What does an example of a doorway page look like when compared to a “normal” landing page? What attributes and patterns does Google look for when they’re algorithmically hunting for doorway pages?
Google can easily spot a doorway page if it has two or more of the following attributes:
1. Doorway pages try to get you to another, more relevant page on the site
2. Doorway pages have very little original content
3. Doorway pages are an island – not linked to from the main site (created for SEO)
4. Doorway pages provide little to no clear value to the searcher
5. Doorway pages are usually created by the dozen, or with large ecommerce sites, by the hundreds
In other words, your low-quality page isn’t providing a good user experience for visitors. If your landing page has little to no content, is full of links to product pages, can only be reached via a search engine, looks like dozens of other pages on your site, and doesn’t give the searcher what their looking for immediately — then you have a doorway page on your hands.
Doorway Page Examples:
Generally doorway pages are found on medium to large e-commerce sites because these sites offer thousands of products.
For example, if one of the hundreds of products you sell are tables. There are many types of tables to sell: blue tables, work tables, folding tables, kitchen tables, red tables, white tables, oak tables, side tables, dining room tables, etc.
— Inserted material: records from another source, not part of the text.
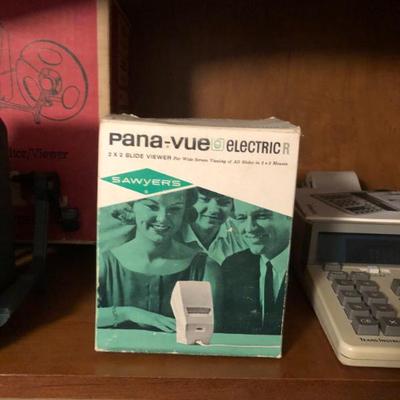 Sale Photo Thumbnail #66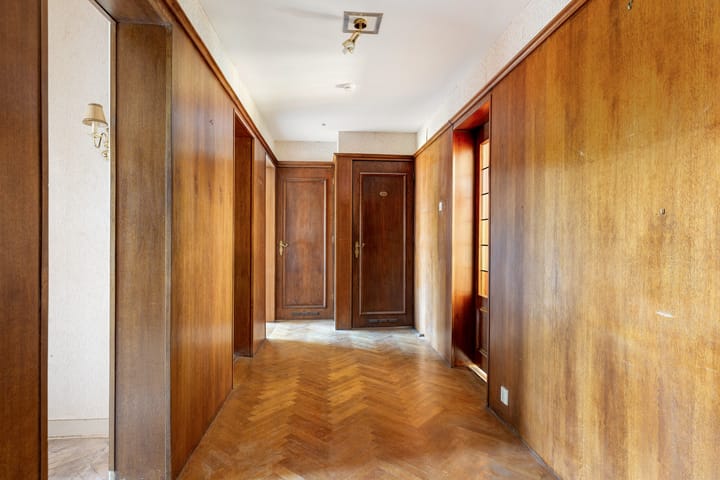 Foto 5 van Rochussenstraat 133-C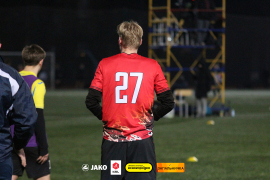<a href="https://st.getinfootball.com/albums/1094045/67fd497ab9549_1920.jpg" target="_blank">Завантажити оригінал</a>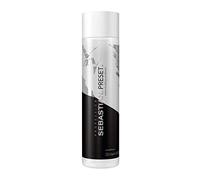 Sebastian Preset Texture Building Conditioner - 250ml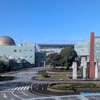 定例会初日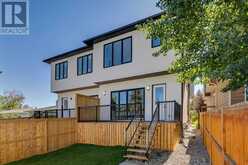 2432 26 Avenue NW Calgary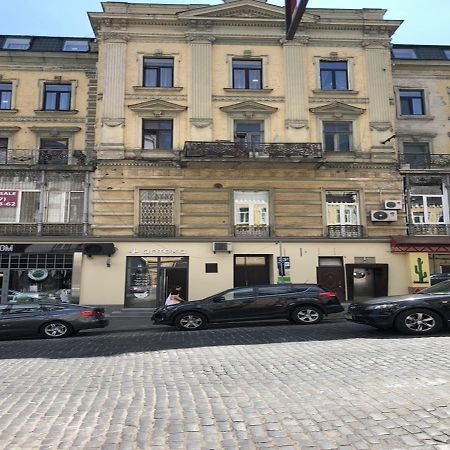 Best Season Apart Hotel Kijów Zewnętrze zdjęcie
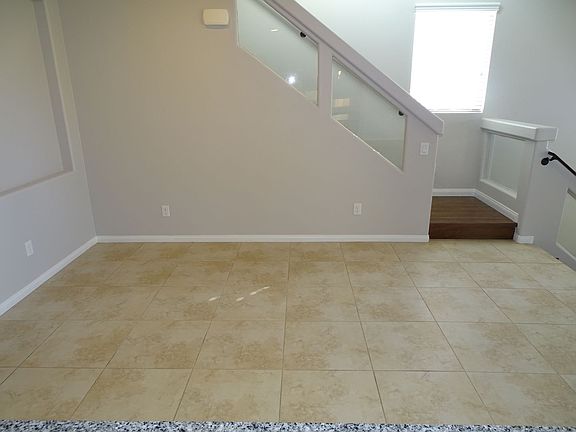 5th image of 8138 Sorrel St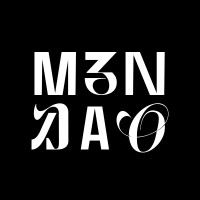 MaisonDAO logo - Similar company to Rxco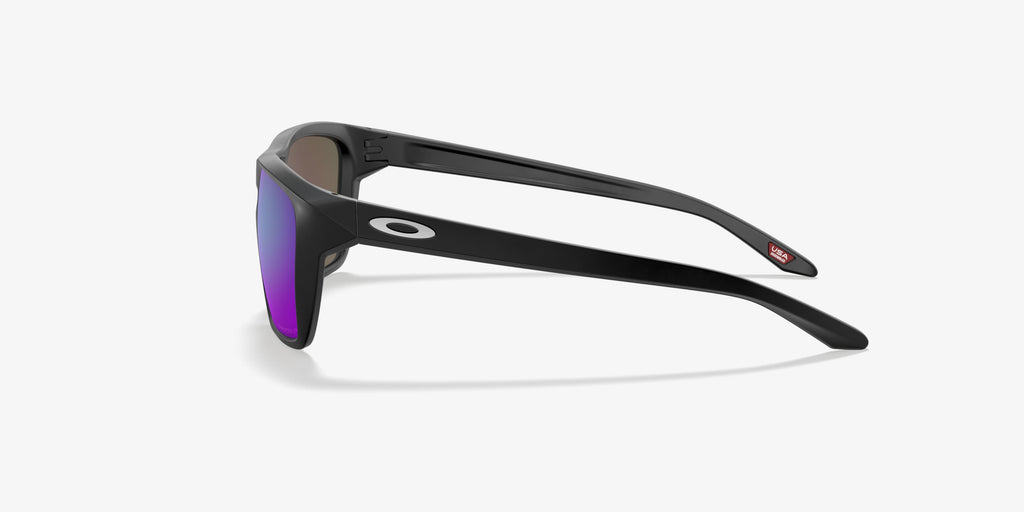 Oakley | 0OO9448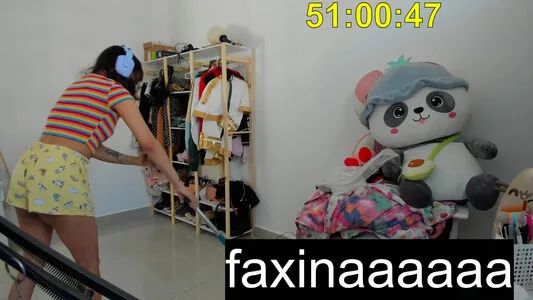 Notlisanna OnlyFans Leaked Free Thumbnail Picture - #kU6LRgL2Wa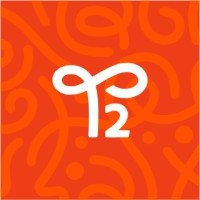 T2 Mobile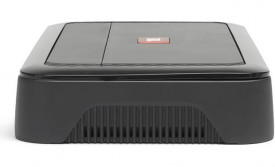 JBL Club A1000 Amplificator mono, 1000W RMS - Img 5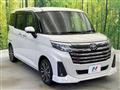 2021 Toyota Roomy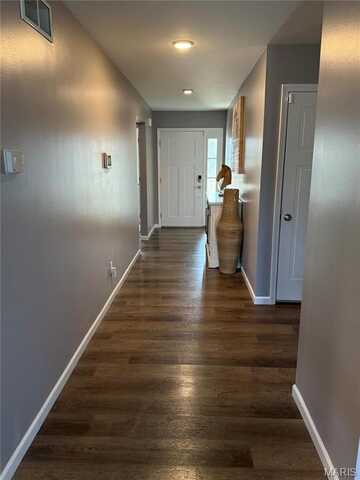 8026 Tahoe, Caseyville, IL 62232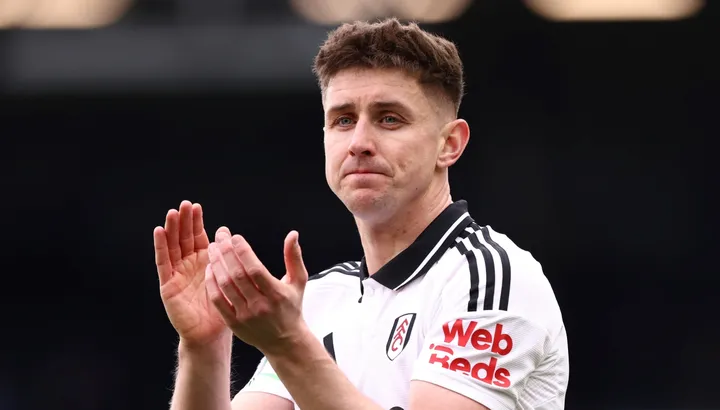 Ipswich vs. Fulham injury, suspension list, predicted XIs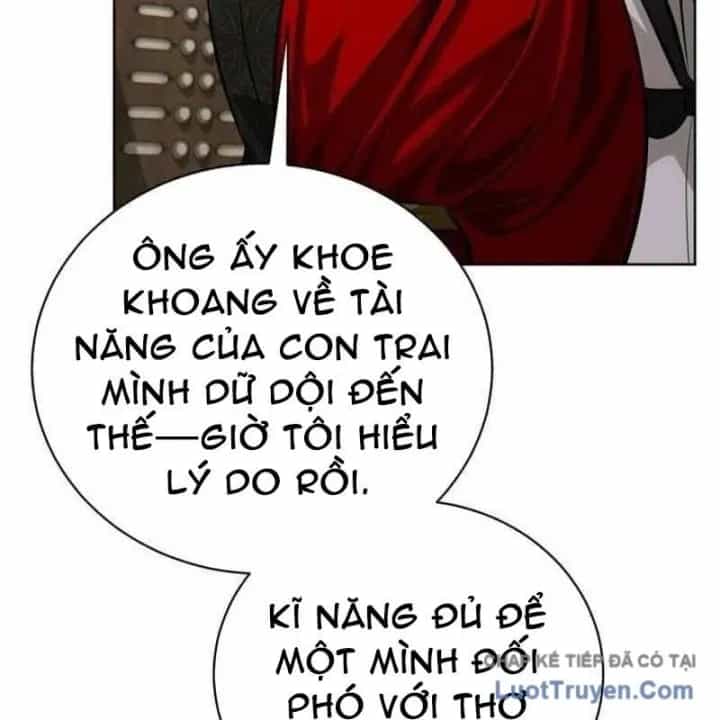 Đứa Con Có Vấn Đề Của Ma Pháp - Chương 37 - ảnh 126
A simple product page isn’t going to get you ranked on a broad, competitive term. So if you’re selling tables and you offer a lot of different types of tables– how would you try to rank all those variations?
Due to the overwhelming amount of pages that need to be created, most companies generate these pages by the hundreds with a page template. They then dynamically fill that page with individual product links, and auto generate Title and Description tags.
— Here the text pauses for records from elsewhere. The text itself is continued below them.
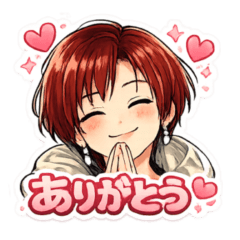 Pencil painter mayumi vol33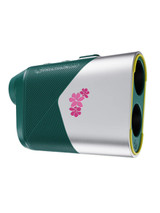 Precision Pro Titan Elite Rangefinder - Azalea Ltd Edition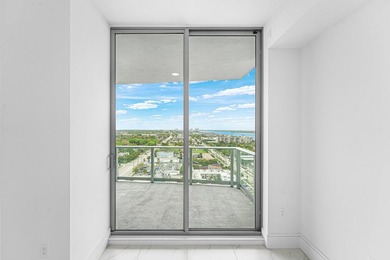 New construction without the new-construction premiums. A - photo 14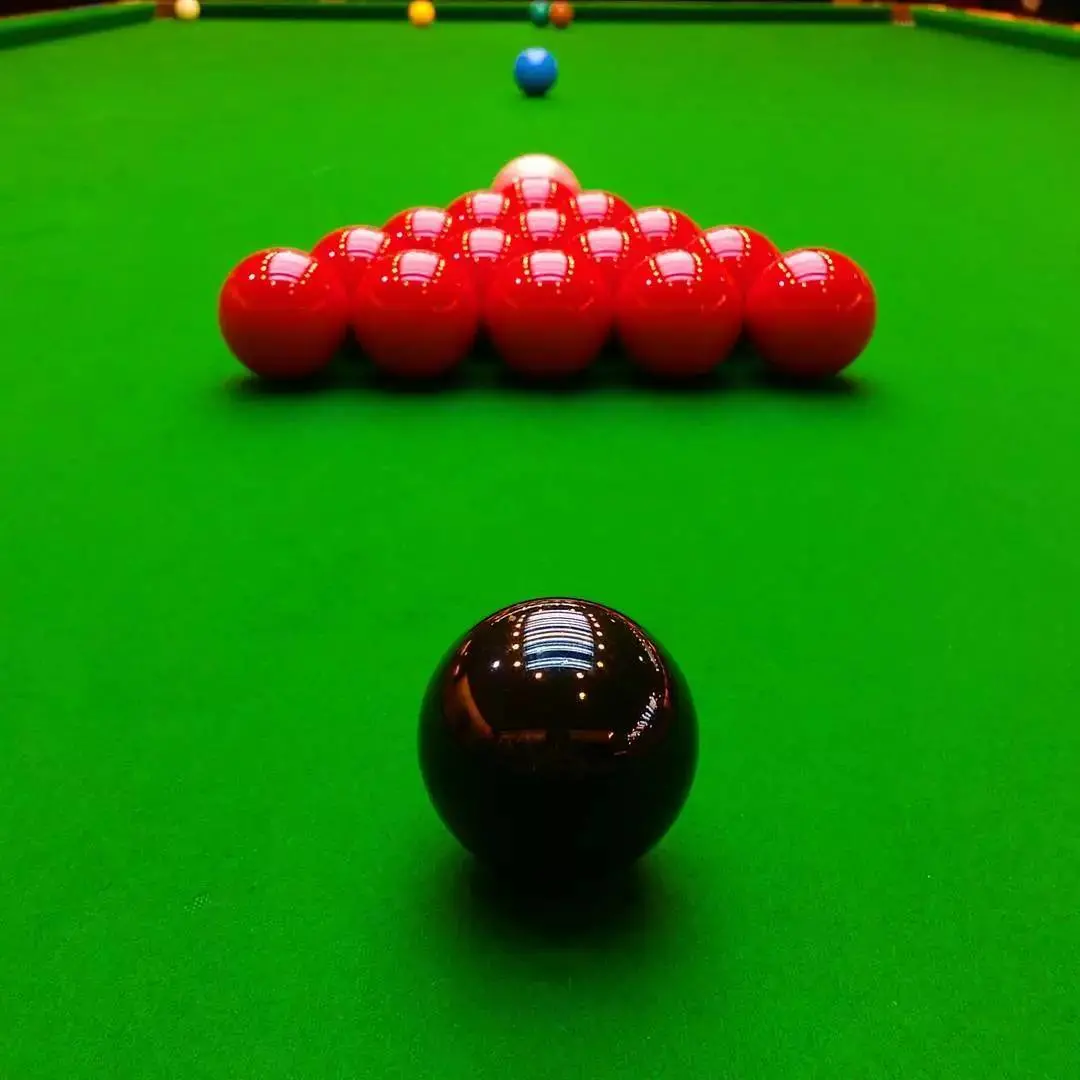 2023斯诺克英国公开赛决赛：威廉姆斯力克塞尔，传奇再续！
Here’s a large e-commerce website that followed that exact formula. They decided to auto generate hundreds of thousands of pages based on popular search queries. I did a “site:” search on their “/market/” subfolder and Google returned millions of pages in that folder.
They clearly used a script to auto-generate their SEO titles and descriptions (and because no human proofed the text, a lot of the descriptions don’t make sense). When you arrive to one of these category pages — it’s quite basic. The main navigation, a heading that mirrors the title tag, and links to product listings for that search keyword.
Basically, it’s thousands of similar pages created for search engines, no meaningful (static) content, duplicate SEO meta, and the only content is dynamically generated links to product listings. Any of these by itself wouldn’t be a problem, but together, this site is sending a lot of “doorway page” signals. The fact that this is a well-known brand might get them a pass from Google, but I’d be really concerned with these pages.
Be Smart with Your Landing Pages
When creating or optimizing landing pages for search, be hyper-aware of the messages you’re sending to Google. Is the page sending the right signals so that Google won’t categorize it as a doorway page?
That said, put this all in perspective, know that the World Wide Web has trillions of webpages that Google is trying to index and categorize, so don’t over think it.
If you’re manually creating landing pages for search, odds are you are giving it enough of a personal touch to get it past the “Doorway Page” sensors. Send the right signals by ensuring that the links on the page don’t outnumber useful on-page content, has a unique SEO title and description, is linked from one of your main pages, and isn’t part of a dozens of other pages that look and feel similar.
Basically, create your landing page with value to the user in mind, not just for a search engine and you shouldn’t have to worry about your pages being hit with a “Doorway” penalty.